Блог пользователя Enchom

Автор Enchom, 12 лет назад, По-английски

Hello everybody,

Recently I faced yet another problem and I thought asking the codeforces community is the best decision.

Lately I've been learning Ukkonen's algorithm for linear building of suffix trees. However as I was reading some applications I noticed that often you have to build a generalized suffix tree of usually 2, but sometimes more strings. In the papers about Ukkonen's algorithm I managed to find only how to build a single suffix tree.

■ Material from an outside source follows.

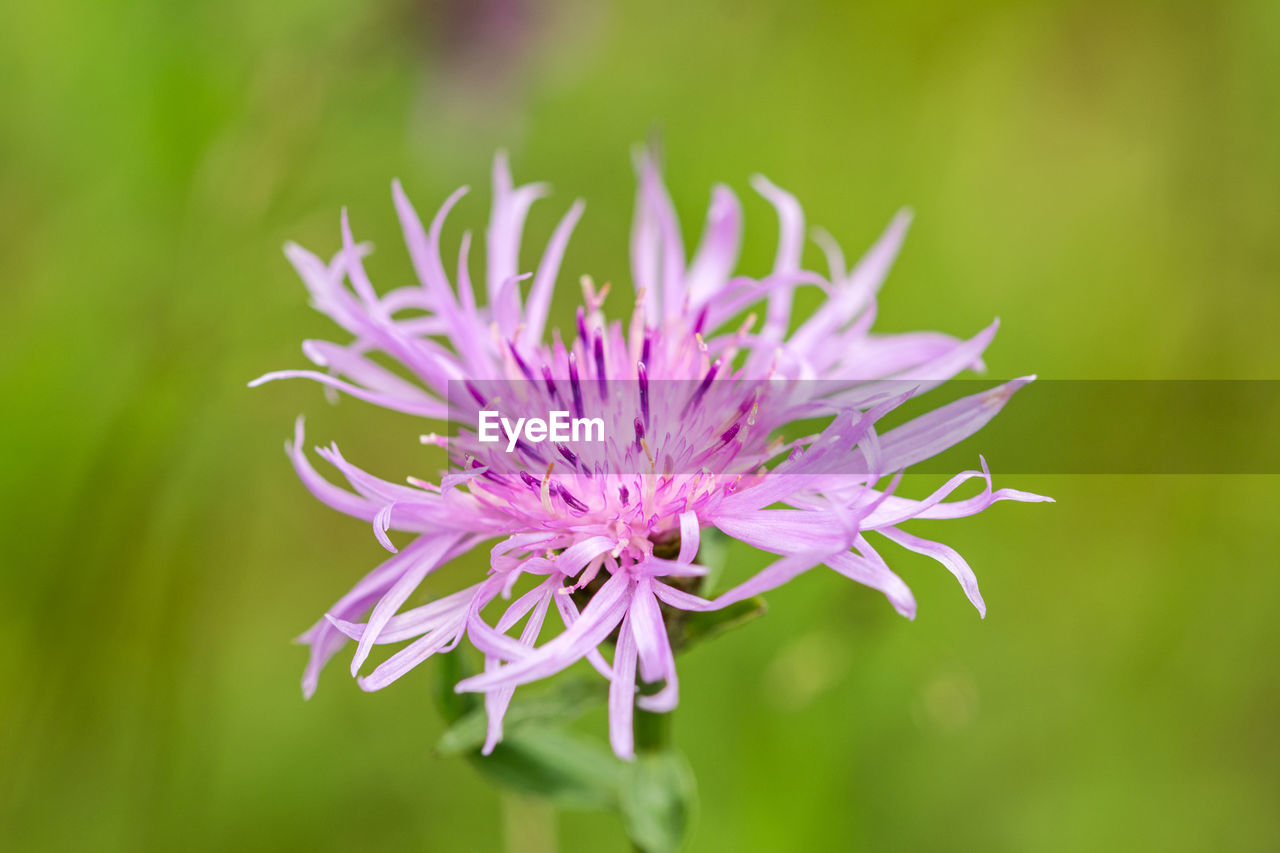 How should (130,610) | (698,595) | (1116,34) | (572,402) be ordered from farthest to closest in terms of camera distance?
(1116,34), (130,610), (572,402), (698,595)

Now my initial thought was to build a suffix tree for each string and then try to merge them in linear time, but that seemed like a very annoying to implement idea and looking around the web many people said that Ukkonen's algorithm can be used to produce generalized suffix tree.

I was wondering if someone could outline a solution that keeps the structure and suffix links correct and builds a generalized suffix tree based on Ukkonen's algorithm.

Thanks in advance! :)

  • Проголосовать: нравится
  • +3
  • Проголосовать: не нравится

»
12 лет назад, скрыть # |
 
Проголосовать: нравится +24 Проголосовать: не нравится

The "standard" (as far as I know) method is to concatenate all the strings together, separated with some special characters. Say, for two strings s1 and s2, run Ukkonen's on s1$s2.

»
12 лет назад, скрыть # |
Rev. 2  
Проголосовать: нравится 0 Проголосовать: не нравится

True but if we have "abc#" and "def$" concatenating them we get "abc#def$" which includes suffixes such as "c#def$". In most generalized suffix trees such suffixes are not present, but I guess it won't really worsen the structure, so that's a solution I will have in mind.

Edit: Meant to put the comment as a reply to gawry